__WORK TO COMPLETE__: If a record holds a picture, drop the picture and return the rest of the record word for word.

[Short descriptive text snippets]
__________
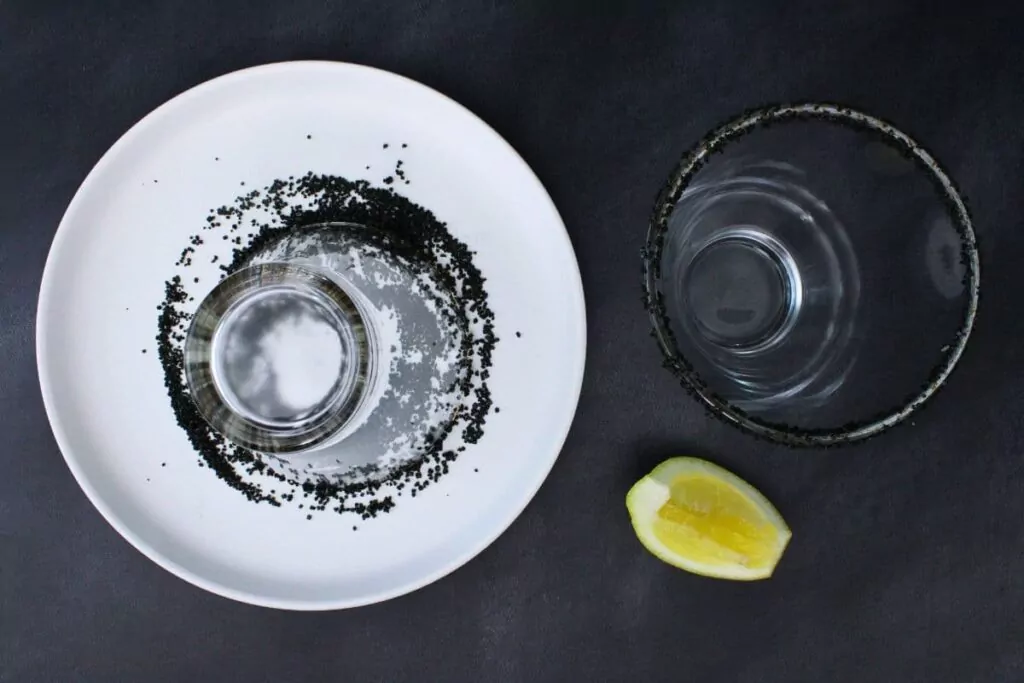 rim your glass with black sanding sugar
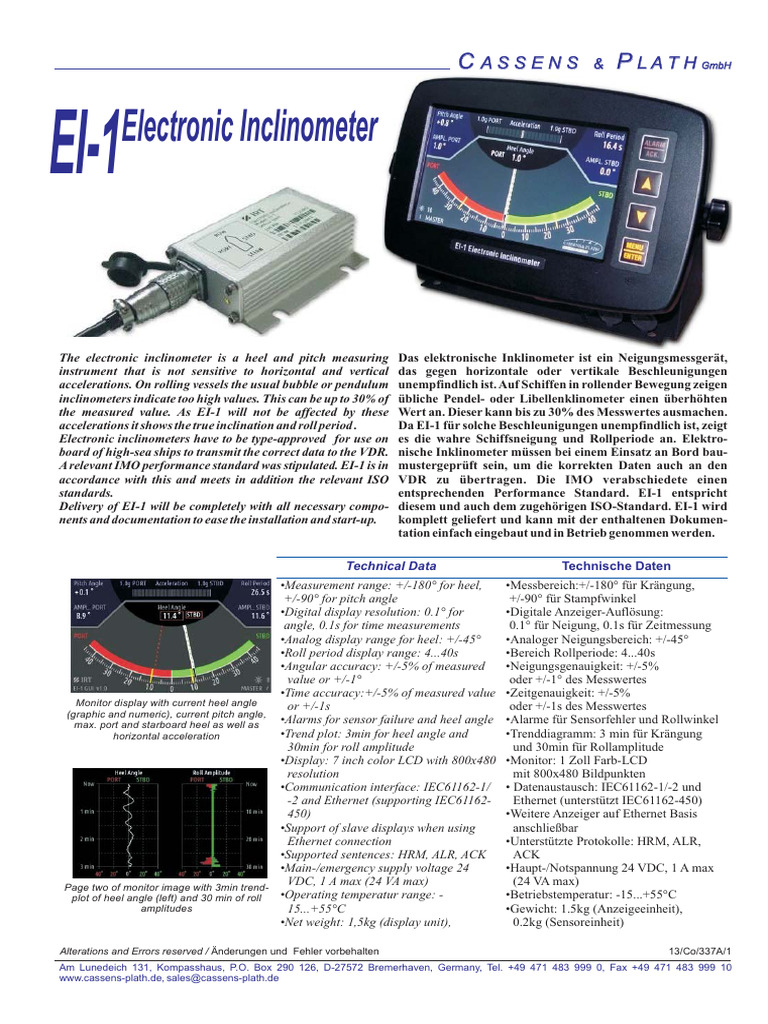 EI 1 Klinometer Katalog | PDF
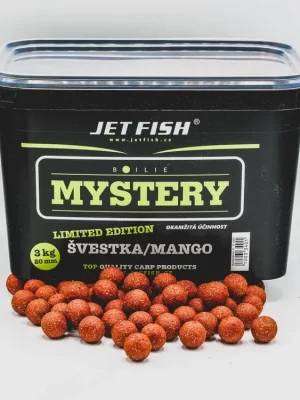 Hit Sezóny Jet Fish Mystery boilie 3kg - 20mm Švestka / Mango - Box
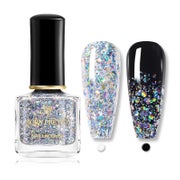 Nagellack Glitzer Pailletten Regenbogen Nail Art Silber Glit 1 St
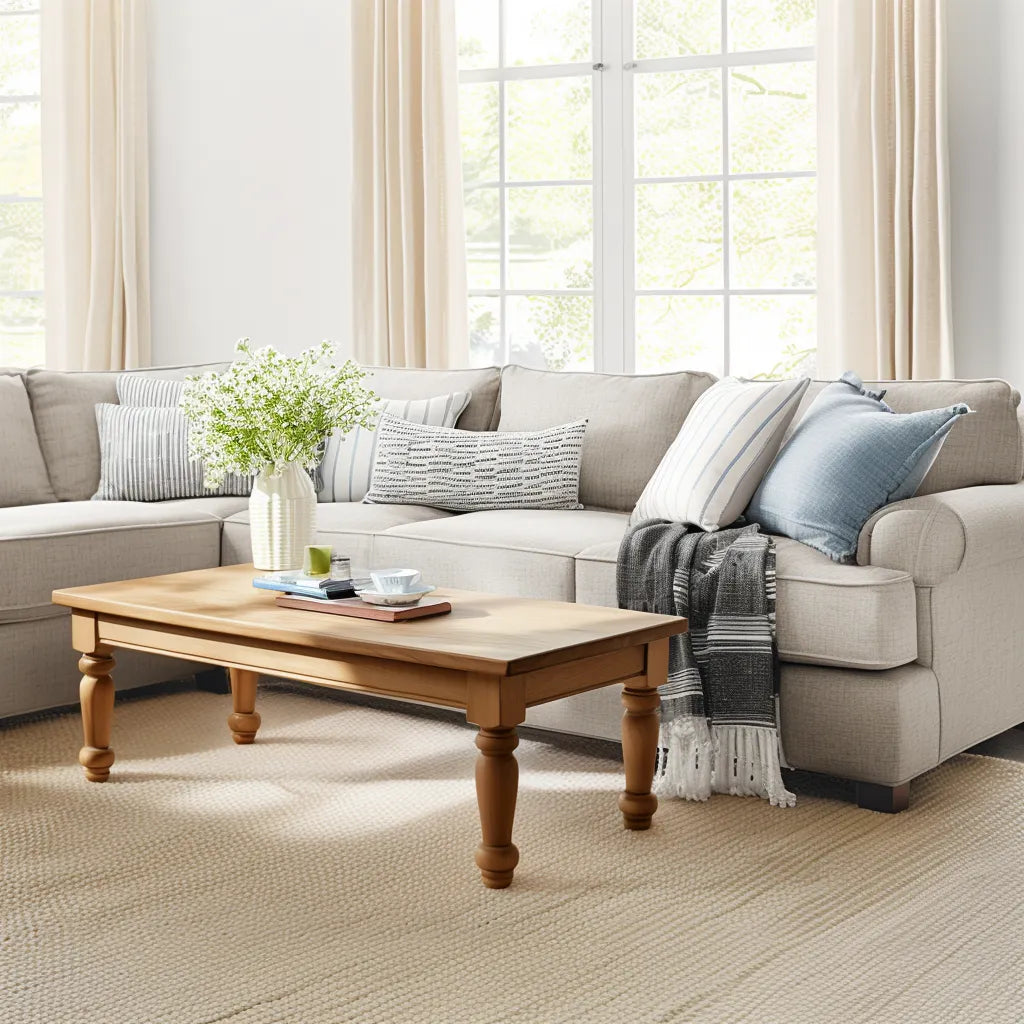 Traditional coffee table classic design turned legs spacious tabletop elegant accent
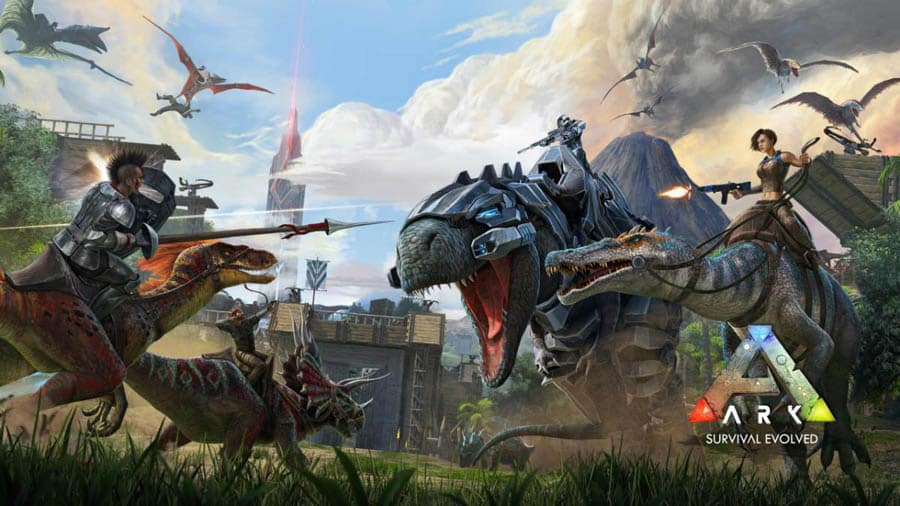 The Official Picture of ARK: Survival Evolved with its characters, One of best open world games for ios.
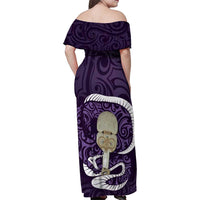 Purple New Zealand Eel Family Matching Off Shoulder Maxi Dress and Hawaiian Shirt Aotearoa Maori Tuna With Kotiate Weapon LT14 - Polynesian Pride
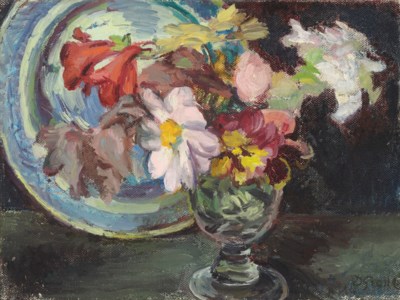 Still-Life with Dahlias in a Glass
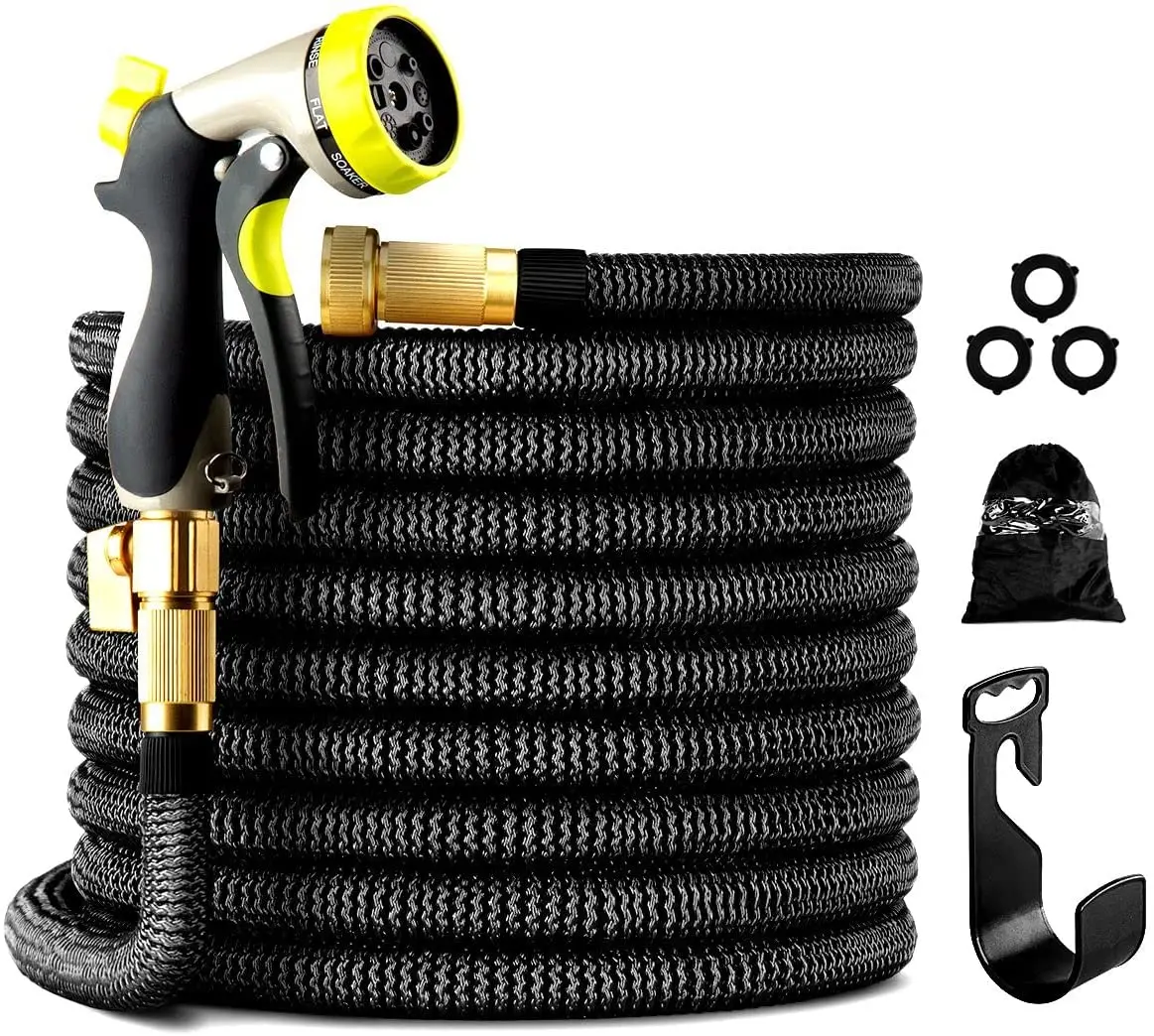 expandable Hose with 8 metal Function Nozzle Expandable Garden Hose, Lightweight & No-Kink  Garden Hose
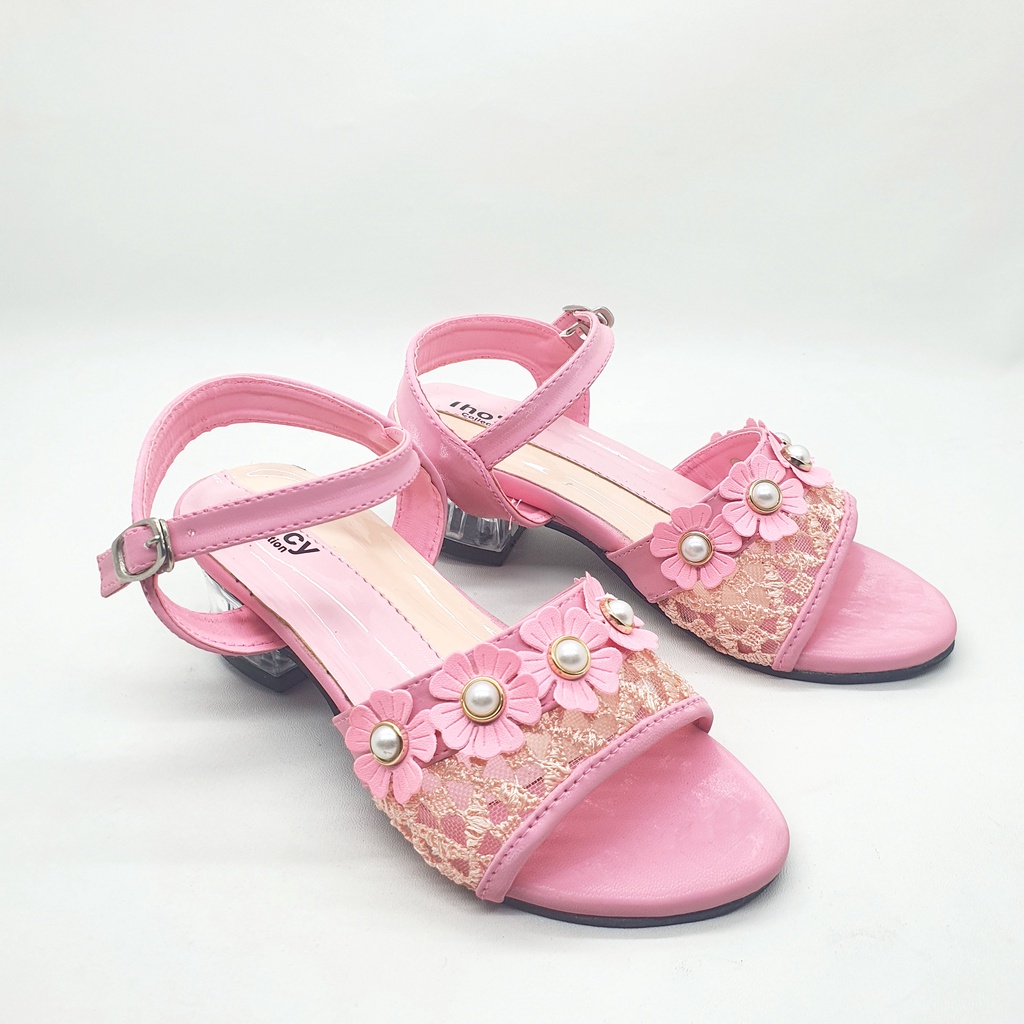 35 Flower Sandal Heels Anak Perempuan Hak Kaca Hologram Usia 6-13 Tahun Carlina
__________
__RESPONSE__:
 rim your glass with black sanding sugar
 EI 1 Klinometer Katalog | PDF
 Hit Sezóny Jet Fish Mystery boilie 3kg - 20mm Švestka / Mango - Box
 Nagellack Glitzer Pailletten Regenbogen Nail Art Silber Glit 1 St
 Traditional coffee table classic design turned legs spacious tabletop elegant accent
 The Official Picture of ARK: Survival Evolved with its characters, One of best open world games for ios.
 Purple New Zealand Eel Family Matching Off Shoulder Maxi Dress and Hawaiian Shirt Aotearoa Maori Tuna With Kotiate Weapon LT14 - Polynesian Pride
 Still-Life with Dahlias in a Glass
 expandable Hose with 8 metal Function Nozzle Expandable Garden Hose, Lightweight & No-Kink  Garden Hose
 35 Flower Sandal Heels Anak Perempuan Hak Kaca Hologram Usia 6-13 Tahun Carlina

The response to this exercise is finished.